The section drawings make the stacking logic legible in a way the photographs cannot. Staggered volumes step back and forth across the building's narrow footprint, creating double-height voids, mezzanines, and terraces at unpredictable intervals. Programmatic icons scattered across the sections show how each box maps to a different mode of domestic life. The axonometric series is particularly revealing: they peel back the enclosure to expose how the courtyard, the roof terrace, and the internal voids carve space out of what would otherwise be a solid extrusion. Floor plans confirm the discipline of the narrow lot, with rooms organized around a central stair core and outdoor pockets pushed to the edges.

Why This Project Matters

Light House is a convincing argument that the tall, narrow urban house does not have to feel like a compromise. By treating each floor as an autonomous room with its own spatial character, Studioninedots turns the vertical dimension from a constraint into a design opportunity. The family moves through a sequence of distinct atmospheres rather than repeating the same floor plate at every level, and the glass brick voids keep the whole composition knitted together with light and sight lines. It is a house that rewards the climb.
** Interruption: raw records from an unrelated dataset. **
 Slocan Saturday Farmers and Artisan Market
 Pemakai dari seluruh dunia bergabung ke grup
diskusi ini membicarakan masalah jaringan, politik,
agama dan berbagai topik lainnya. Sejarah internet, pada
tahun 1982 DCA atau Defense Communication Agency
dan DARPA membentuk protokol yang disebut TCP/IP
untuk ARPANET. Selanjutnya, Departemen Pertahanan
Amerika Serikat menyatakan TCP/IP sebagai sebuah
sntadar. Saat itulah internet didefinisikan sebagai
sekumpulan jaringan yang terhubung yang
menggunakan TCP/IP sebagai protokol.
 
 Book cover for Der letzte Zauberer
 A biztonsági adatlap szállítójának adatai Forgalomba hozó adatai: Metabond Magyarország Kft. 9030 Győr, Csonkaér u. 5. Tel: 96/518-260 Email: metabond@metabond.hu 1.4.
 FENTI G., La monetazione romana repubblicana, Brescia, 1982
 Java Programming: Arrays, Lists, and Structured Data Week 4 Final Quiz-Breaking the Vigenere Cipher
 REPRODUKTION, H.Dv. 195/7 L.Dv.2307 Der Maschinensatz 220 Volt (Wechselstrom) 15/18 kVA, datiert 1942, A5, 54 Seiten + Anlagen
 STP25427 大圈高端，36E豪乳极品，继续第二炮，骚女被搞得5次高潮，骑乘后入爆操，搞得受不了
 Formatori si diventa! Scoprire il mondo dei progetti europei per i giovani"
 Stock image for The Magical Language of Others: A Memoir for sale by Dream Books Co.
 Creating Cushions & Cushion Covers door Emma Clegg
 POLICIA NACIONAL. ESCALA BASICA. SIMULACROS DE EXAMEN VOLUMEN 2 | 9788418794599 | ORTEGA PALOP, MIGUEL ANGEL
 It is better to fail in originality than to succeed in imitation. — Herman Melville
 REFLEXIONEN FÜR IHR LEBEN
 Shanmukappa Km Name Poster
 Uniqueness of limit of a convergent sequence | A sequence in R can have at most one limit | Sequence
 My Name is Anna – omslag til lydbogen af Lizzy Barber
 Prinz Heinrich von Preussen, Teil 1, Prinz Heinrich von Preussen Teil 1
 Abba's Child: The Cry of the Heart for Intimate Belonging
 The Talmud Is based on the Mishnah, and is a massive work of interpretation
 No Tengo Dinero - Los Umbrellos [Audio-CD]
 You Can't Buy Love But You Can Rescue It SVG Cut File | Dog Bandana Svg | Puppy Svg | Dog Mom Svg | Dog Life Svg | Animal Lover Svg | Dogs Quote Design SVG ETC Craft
More broadly, the project demonstrates what a self-build district can produce when ambitious clients meet a studio willing to rethink domestic typology from first principles. The modular, demountable construction system means the house is not only tailored to this family's life today but adaptable to whoever lives here next. On Centrumeiland, where every plot is an experiment, Light House sets a high bar: architecture that is simultaneously personal and replicable, specific and systemic.


Light House by Studioninedots, located in Amsterdam, The Netherlands. 257 m², completed in 2025. Photography by Sebastian van Damme.